Task requirements: Would you please set down, word for word, the lines from the one with "Birthday Wish Replica OS Source Code" through the final line of the data below, omitting any pictures?

Given data:
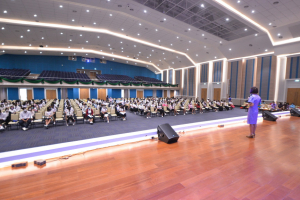 วจก.จัดประชุมชี้แจงแนวทางการฝึกประสบการณ์วิชาชีพ นศ.ภาคปกติ ชั้นปีที่ 4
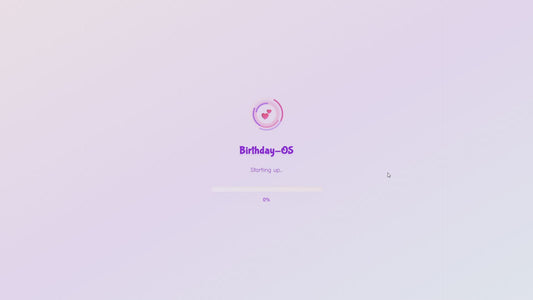 Birthday Wish Replica OS Source Code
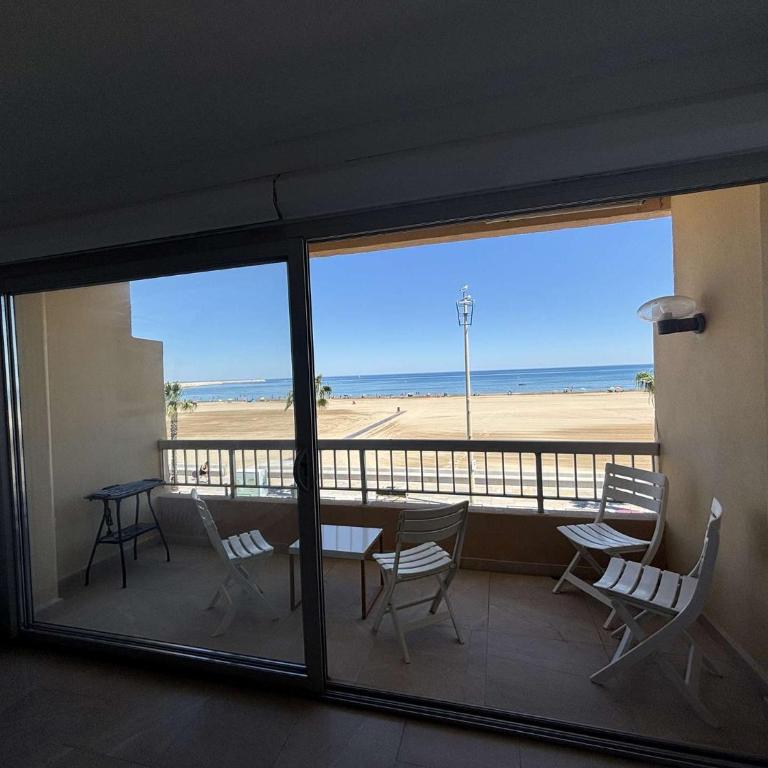 Appartement 4 couchages - PORT LA NOUVELLE PN090-005 - Appartement 1 Chambre avec Balcon et Vue sur Mer - 3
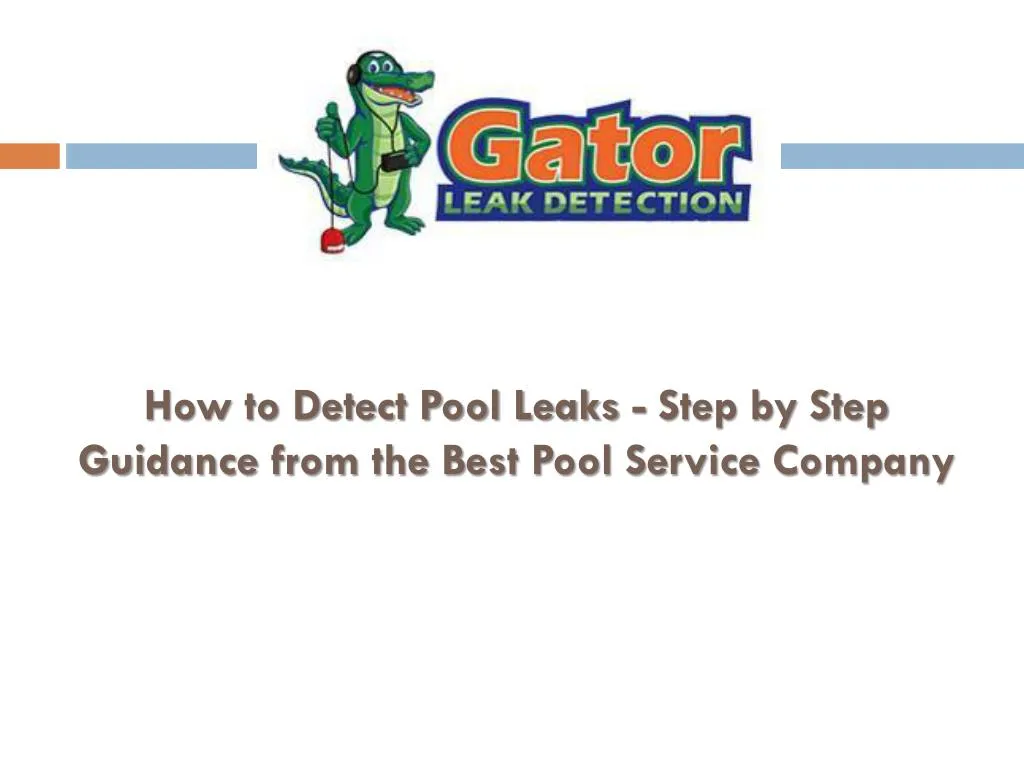 how to detect pool leaks step by step guidance from the best pool service company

Answer below:
 Birthday Wish Replica OS Source Code
 Appartement 4 couchages - PORT LA NOUVELLE PN090-005 - Appartement 1 Chambre avec Balcon et Vue sur Mer - 3
 how to detect pool leaks step by step guidance from the best pool service company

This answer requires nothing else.